(Data section)

*-*-*

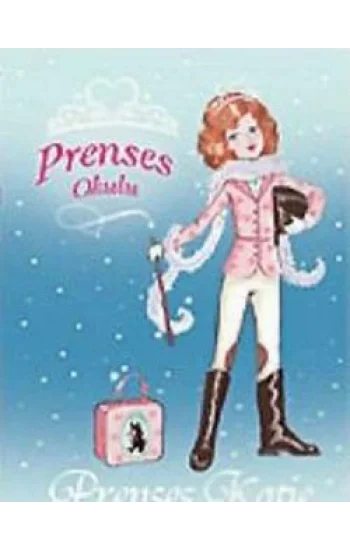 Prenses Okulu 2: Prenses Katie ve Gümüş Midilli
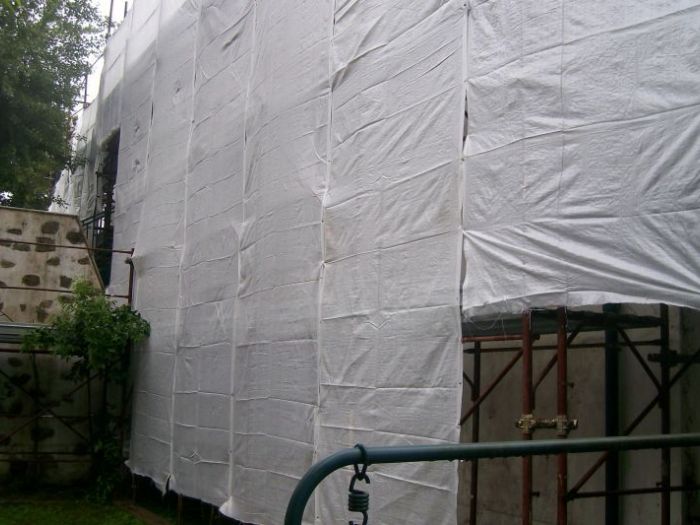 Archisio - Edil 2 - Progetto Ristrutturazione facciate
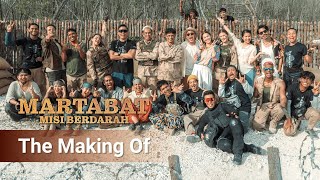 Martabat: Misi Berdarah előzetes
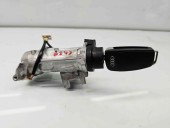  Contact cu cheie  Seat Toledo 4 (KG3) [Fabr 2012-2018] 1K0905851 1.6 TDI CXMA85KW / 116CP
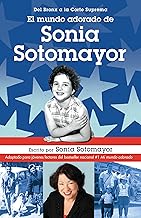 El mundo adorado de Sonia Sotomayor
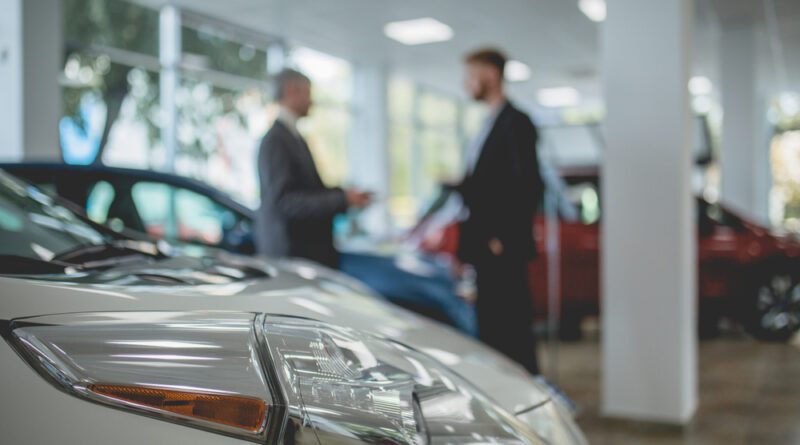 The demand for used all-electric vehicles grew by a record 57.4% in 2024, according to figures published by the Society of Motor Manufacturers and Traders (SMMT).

*-*-*

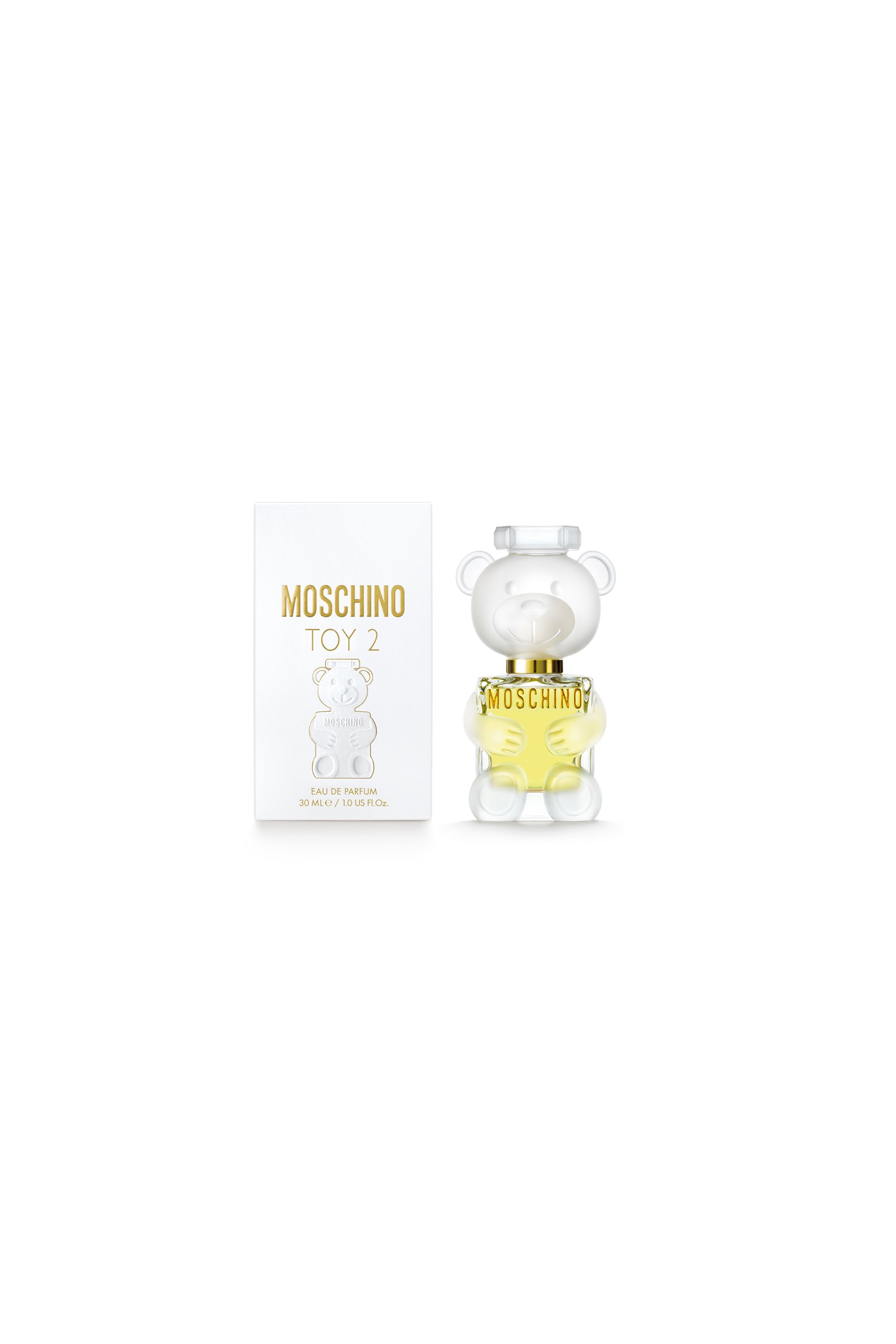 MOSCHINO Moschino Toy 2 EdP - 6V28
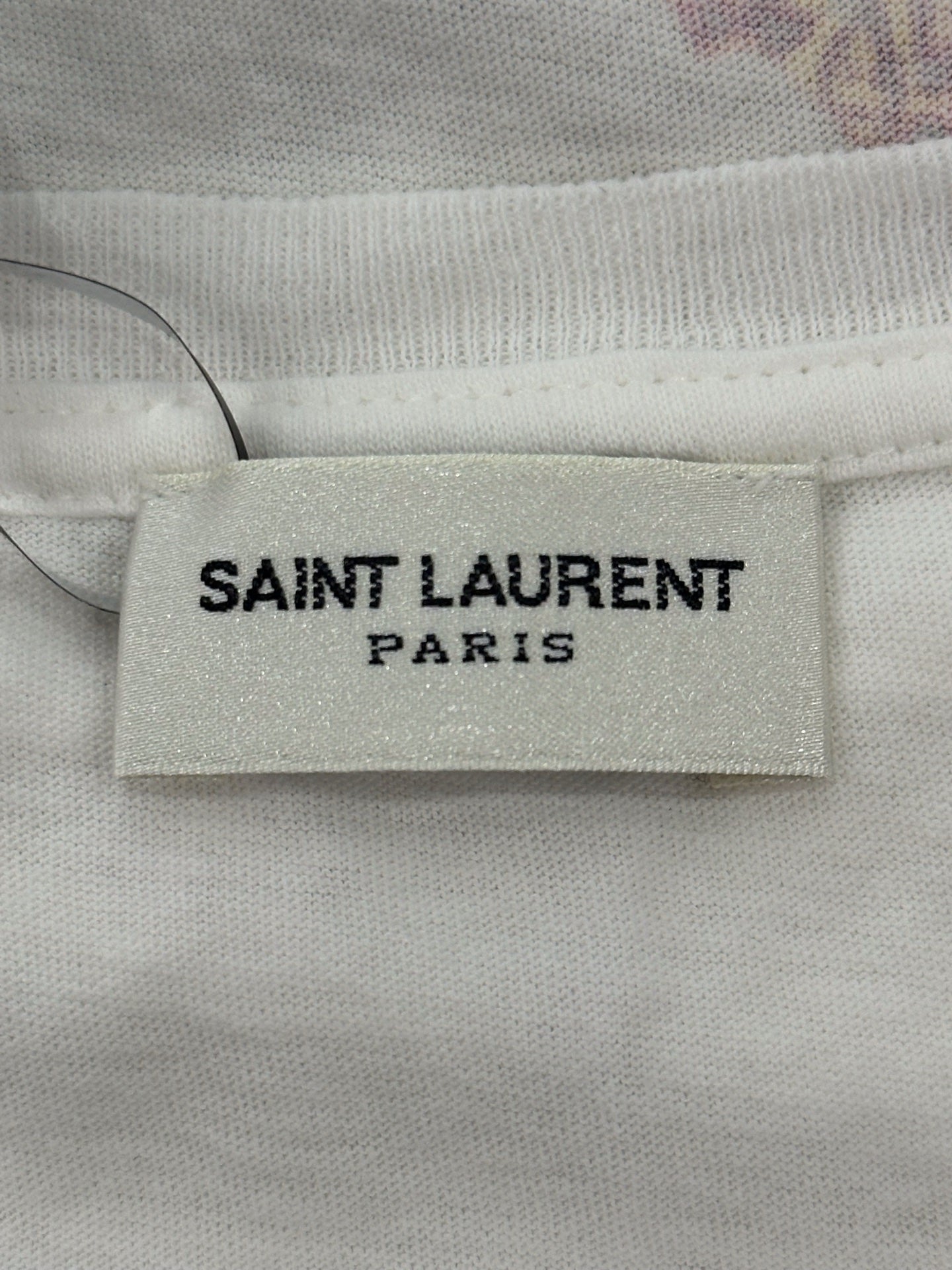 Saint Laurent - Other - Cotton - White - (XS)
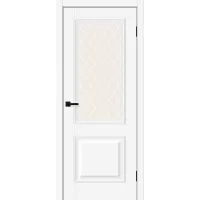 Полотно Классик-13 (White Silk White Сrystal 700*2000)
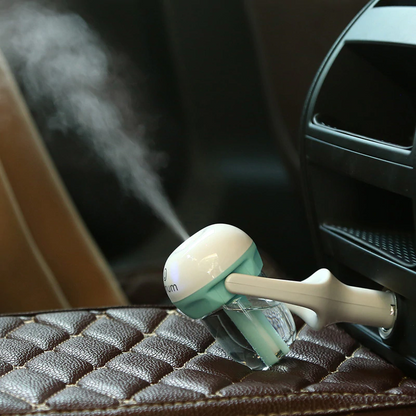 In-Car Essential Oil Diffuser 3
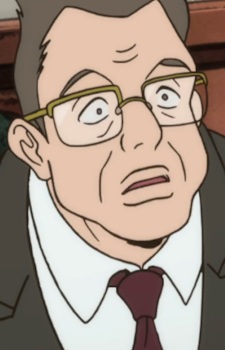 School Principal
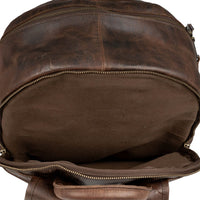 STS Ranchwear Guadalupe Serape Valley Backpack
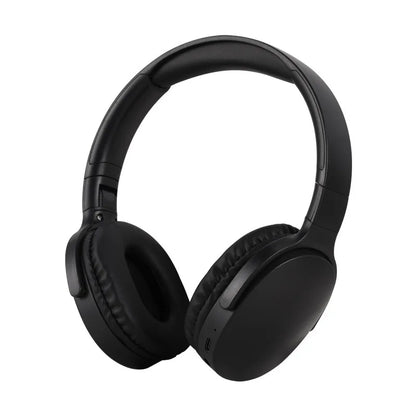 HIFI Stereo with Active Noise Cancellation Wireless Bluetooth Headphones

*-*-*

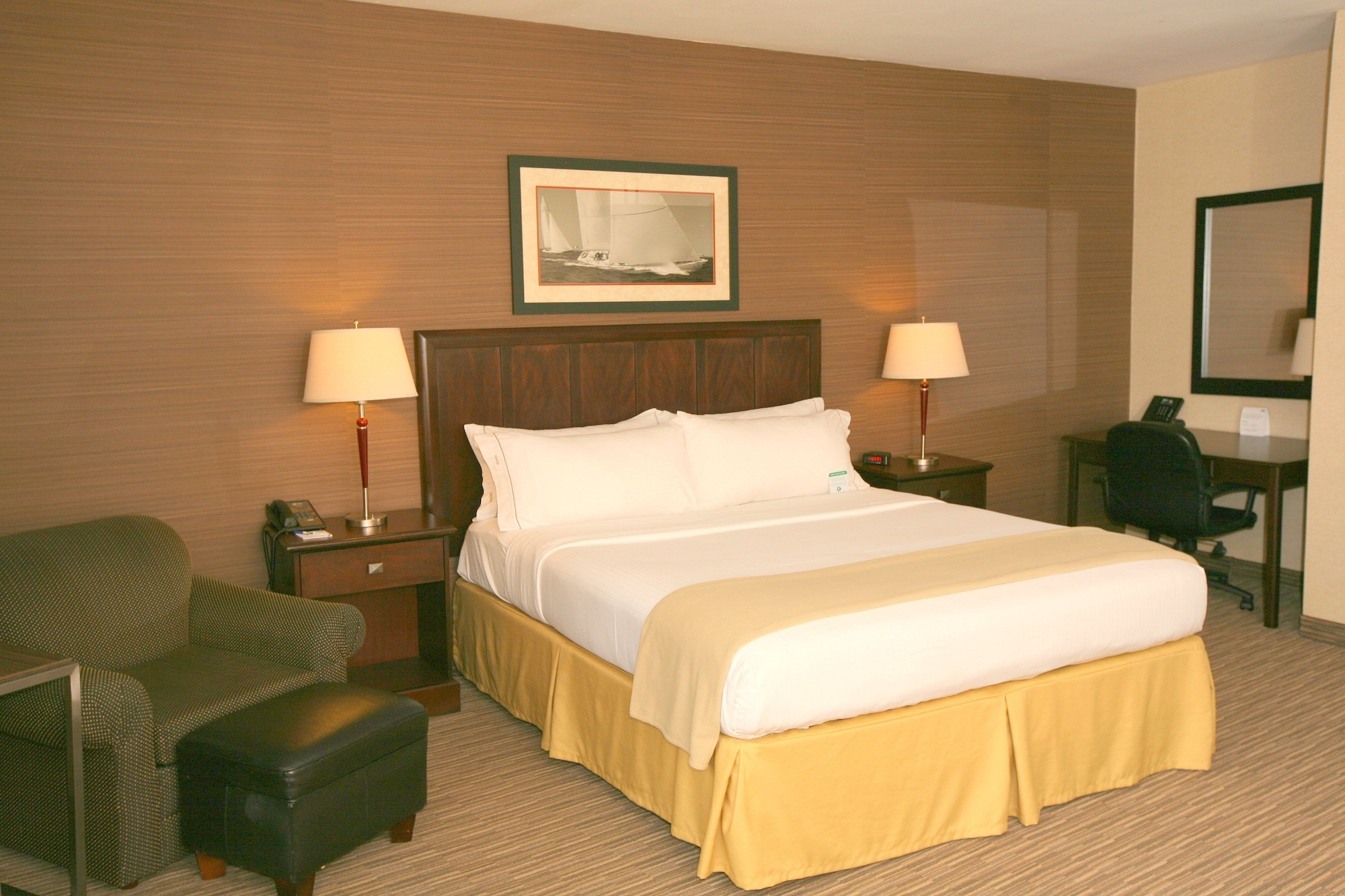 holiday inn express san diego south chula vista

*-*-*

Reproduce the data above exactly, but only from the line containing "Prenses Okulu 2: Prenses" through the line containing "Contact cu cheie". Omit all pictures.

 Prenses Okulu 2: Prenses Katie ve Gümüş Midilli
 Archisio - Edil 2 - Progetto Ristrutturazione facciate
 Martabat: Misi Berdarah előzetes
  Contact cu cheie  Seat Toledo 4 (KG3) [Fabr 2012-2018] 1K0905851 1.6 TDI CXMA85KW / 116CP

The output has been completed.